**Data to process:**

★ ★ ★ ★

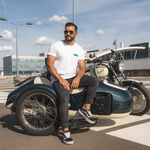 T-shirt Unisexe Barber side - pièce Unique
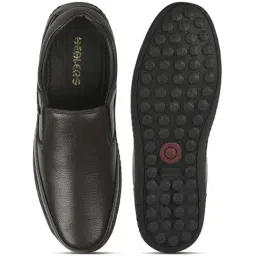 Healers by Liberty Men's Brown Formal Loafers image 3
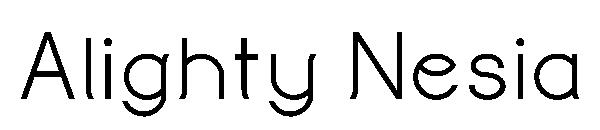 Alighty Nesia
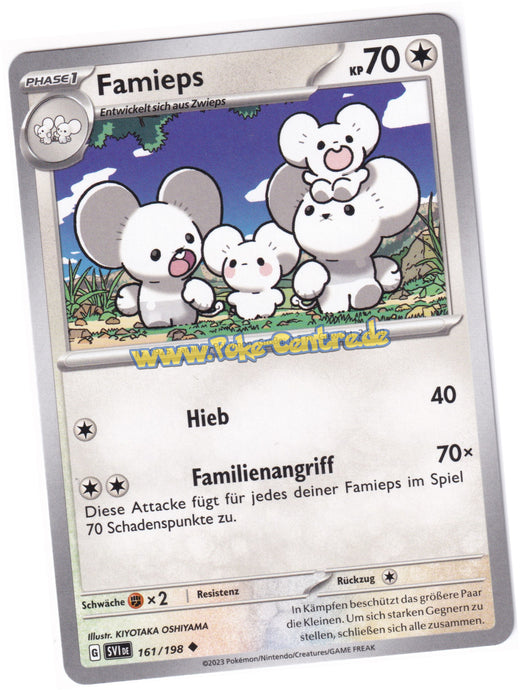 Famieps 161/198 Uncommon - Karmesin & Purpur Deutsch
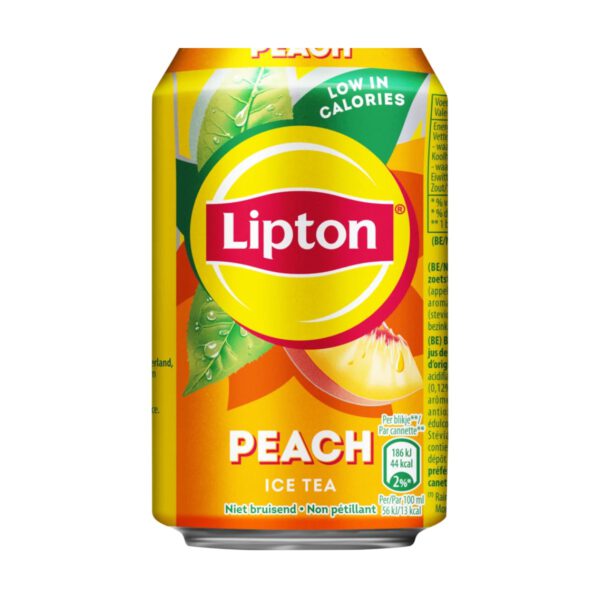 Lipton icetea peach 24 x 0,33L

★ ★ ★ ★

**Directions for this task:**
Every line above is to be returned exactly, with its pictures removed.

**Answer box:**
 T-shirt Unisexe Barber side - pièce Unique
 Healers by Liberty Men's Brown Formal Loafers image 3
 Alighty Nesia
 Famieps 161/198 Uncommon - Karmesin & Purpur Deutsch
 Lipton icetea peach 24 x 0,33L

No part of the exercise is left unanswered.